Anticommunisme et réconciliation nationale

Lorsque le jeune Le Pen s’engage chez les paras afin de participer aux combats algériens, il est alors animé d’un profond sentiment anticommuniste. Il craignait à juste titre la dislocation de l’Empire et l’influence soviétique sur la classe politique française. Traumatisé comme tant d’autres personnes de sa génération par les épisodes atroces de la période de l’épuration, il a aussi vécu l’Indochine et sa perte en tant que correspondant de guerre, où il rencontra Alain Delon qui devint son ami pour la vie. Son engagement algérien s’inscrit donc dans une réflexion géostratégique globale partagée par l’essentiel de la classe politique de la IVème République. Le gouvernement était alors dirigé par le socialiste Guy Mollet, dont le second ministre de l’Intérieur et de la Justice n’était autre qu’un certain François Mitterrand.
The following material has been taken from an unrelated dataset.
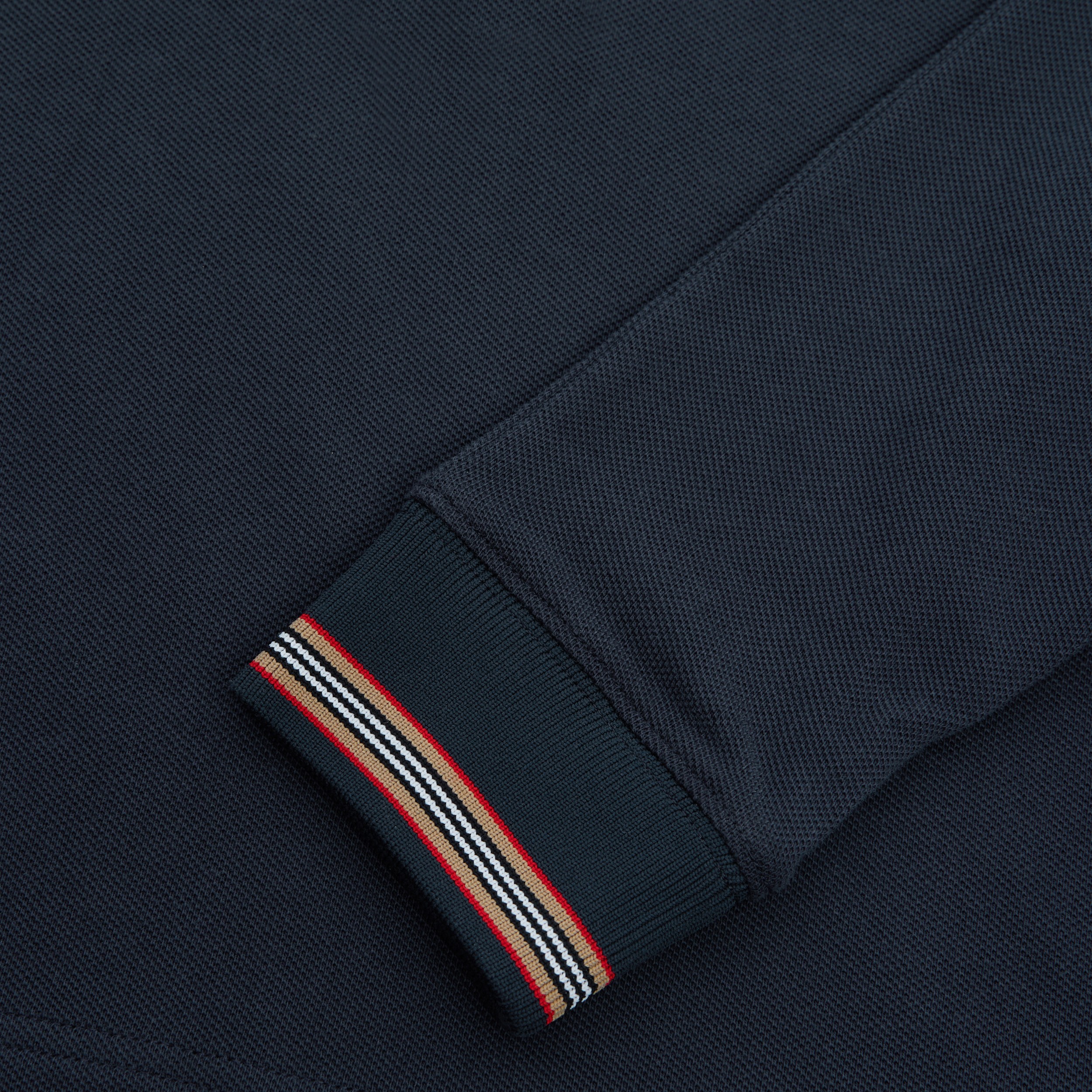 Long-sleeve Icon Stripe Detail Cotton Piqué Polo Shirt in Midnight | Burberry® Official - 2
Jean-Marie Le Pen, aujourd’hui dépeint comme un personnage central de cette guerre, n’était au moment où il partit qu’un exécutant, simple officier subalterne d’une affaire décidée par d’autres.
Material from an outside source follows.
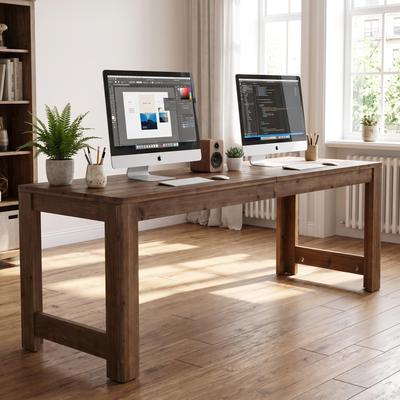 1Easylife 78.7” Solid Wood 2-Person Desk,Extra Long Office Desk, Rustic Farmhouse Double Computer Workstation, Wide Writing Work Table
François Mitterrand à qui il ne fut jamais fait le reproche de son rôle dans cette guerre de son vivant fut pourtant l’homme de la bataille d’Alger mais aussi de la loi d’amnistie et de celle de mars 1956 qui donna tout pouvoir à l’armée en matière de justice sur le sol algérien. Le futur président socialiste a été l’homme du volet politique de la contre-insurrection algérienne, à laquelle a notamment participé Aussaresses ou encore le lieutenant-colonel Galula. C’est lui qui dès 1954 dit à la tribune de l’Assemblée nationale : « La rébellion algérienne ne peut trouver qu’une forme terminale : la guerre. L’Algérie c’est la France ». C’est aussi lui qui autorisa dans ce cadre les exécutions de militants du FLN. Il a refusé de gracier 80% des condamnés à mort dont les dossiers lui furent présentés.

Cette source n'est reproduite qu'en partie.